Problem description:
Wherever a line in the records contains the word "pressed", return that line.

Source information:
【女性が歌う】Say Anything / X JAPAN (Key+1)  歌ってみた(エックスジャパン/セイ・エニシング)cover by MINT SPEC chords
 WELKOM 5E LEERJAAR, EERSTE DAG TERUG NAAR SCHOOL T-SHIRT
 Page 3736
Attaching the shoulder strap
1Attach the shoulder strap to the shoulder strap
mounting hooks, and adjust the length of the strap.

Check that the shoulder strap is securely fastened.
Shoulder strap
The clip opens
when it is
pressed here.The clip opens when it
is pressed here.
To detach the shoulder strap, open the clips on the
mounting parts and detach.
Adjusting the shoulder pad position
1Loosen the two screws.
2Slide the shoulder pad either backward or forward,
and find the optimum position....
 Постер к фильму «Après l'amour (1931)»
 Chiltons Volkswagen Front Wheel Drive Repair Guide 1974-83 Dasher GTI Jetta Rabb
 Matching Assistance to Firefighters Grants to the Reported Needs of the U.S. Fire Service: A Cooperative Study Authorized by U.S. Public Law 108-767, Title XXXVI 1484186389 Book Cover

...

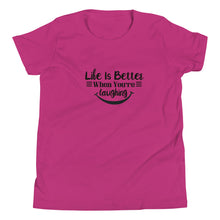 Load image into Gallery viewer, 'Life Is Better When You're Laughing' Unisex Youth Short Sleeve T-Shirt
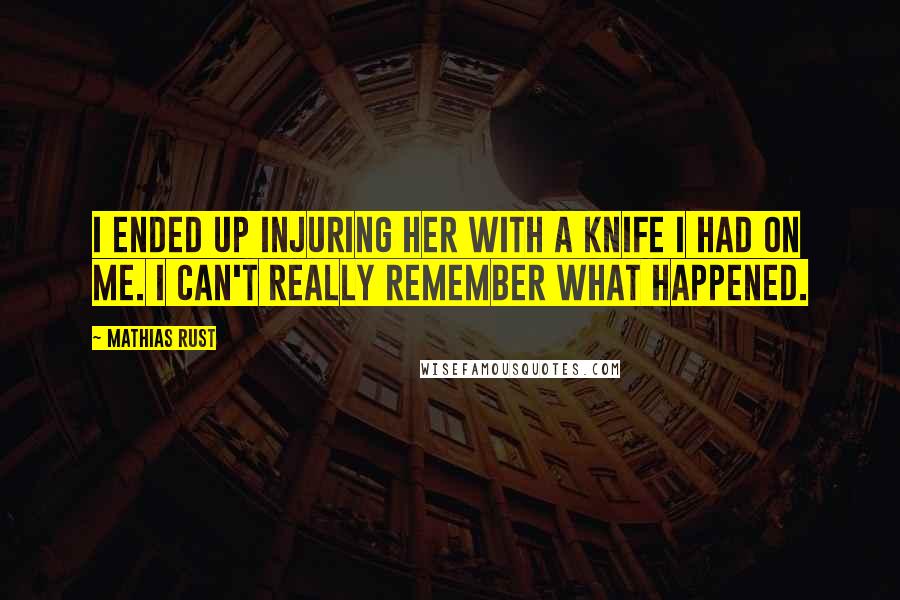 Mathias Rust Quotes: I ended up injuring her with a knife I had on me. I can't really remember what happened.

Output:
pressed here.The clip opens when it
is pressed here.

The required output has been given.